CENATIEMPO: I do want to talk about defence for a moment, but I mean that's the attitude of a lot of small business people at the moment, that it's just not worth doing business in Australia anymore. What a sad position we find ourselves in.
PATERSON: Mate, I think it's absolutely tragic. And the overwhelming sentiment I encounter when I talk to small business people, particularly people who have been running business for a long time, they're contemplating retirement, moving on to the next stages. They sincerely say they wouldn't advise the next generation to get into small business, to start a business for themselves. They would advise them just to get a salaried job and be an employee and have an easier life. And I think that's a tragedy for our country. We want more small businesses. We want more entrepreneurship. We want more people having a go and backing themselves. But to encourage them to do that, they need a government that backs them as well and not punishes them. And unfortunately right now, Labor seems intent on punishing people who create jobs and create wealth and create opportunities.
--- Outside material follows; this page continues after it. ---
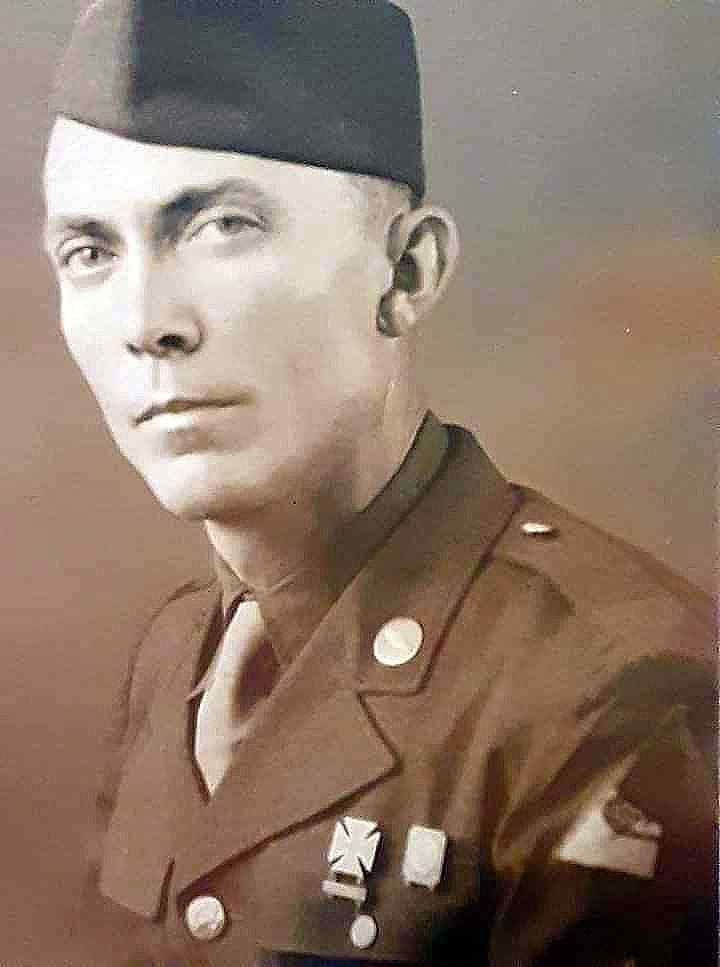 George in his uniform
CENATIEMPO: It's absolutely extraordinary. Now the other big issue, and I always say that the first responsibility of any government is to protect its citizens, and at a federal level that is largely about border security and making sure that our defence system is strong. But the Minister for Defence Industry, Pat Conroy, is going to deliver a major address today talking about these massive blowouts in defence procurement and effectively saying well it's nobody's fault, it's just the way the system works and nobody is really in charge so we'll just put in another level of bureaucracy. I mean this is just madness.
PATERSON: It's frankly shameless from Pat Conroy, who in opposition, of course, said every single delay and every single blowout under the previous government was the fault personally of the ministers involved. And when he and Richard Marles were sworn into their portfolios after the 2022 election, they said they would take personal responsibility. They would exercise political leadership and they would fix this system. Now four years into government, four years in to being ministers, they can do nothing other than blame others and make it someone else's fault rather than take responsibility. And he's even gone to the extraordinary length of publicly attacking his own department, his own public servants and our men and women in uniform and saying they've been presiding over these delays, this indecision and these blowouts. Well the buck stops with you buddy and you've got to take responsibility.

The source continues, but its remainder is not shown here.